BIO: Rabia is a well seasoned pop culture specialist and a multi-disciplinary marketing professional. Born in Europe, with Asian and African roots, she comes from a very involved and diverse household. She is outspoken on issues that pertain to her identity as a queer, disabled woman of color, and brings a unique perspective to how she consumes media and culture. As the founder of Culture Agency, she helps young POC women by training them and introducing them to the marketing industry, with an emphasis on using and implementing new tech in sustainable ways. Under the brand Cultured Curator, she has hosted a variety of conversations with important cultural figures from around the world on radio, television, and various social media platforms. As the Queen of Horror on Clubhouse, she regularly hosts Global Horror Events discussing specific countries and their relationship with the horror genre, as well as interviewing prominent international directors, including a recent interview with Joko Anwar.

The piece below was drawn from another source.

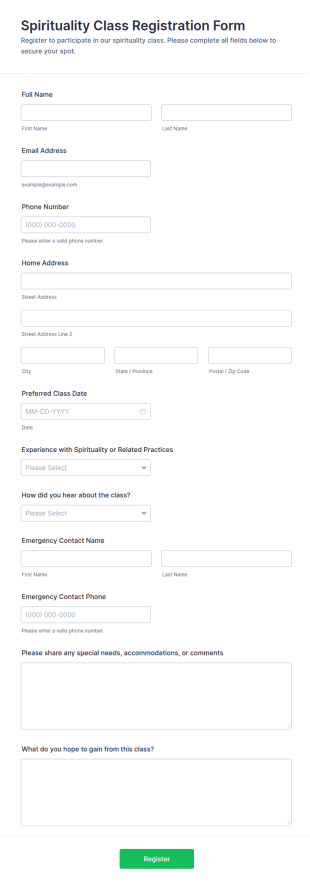 Spirituality Class Registration Form Template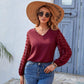 Anna-Kaci Clip Dot Long Sleeve Sheer V Neck Causal Blouse Top for Women Large 8-10 / Burgundy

“Deadgirl is an extreme concept (an undead woman tied down being assaulted by teen guys), but then handled in a 'light' way. It is not as explicit in what you see as other extreme titles, but the main concept is beyond mainstream horror.”
The Human Centipede (2009)
“The Human Centipede is a step up from general horror, not just because of the concept, but also execution. They show enough and a little more to make you feel a little queasy (if you're sensitive to it). However, it does not go balls to the walls as its sequels do.”
“Inside (L'interieur) is my fave from French Extremity cinema, and as its name suggests it is a very good dip into extreme horror. Most of the movie deals with psychological horror and deconstructing the human mind through physical torture. This movie plays a lot with what goes on in your head, and they focus less on long gory scenes, each frame adds to the psychological effect the movie wants to achieve without cheapening it.”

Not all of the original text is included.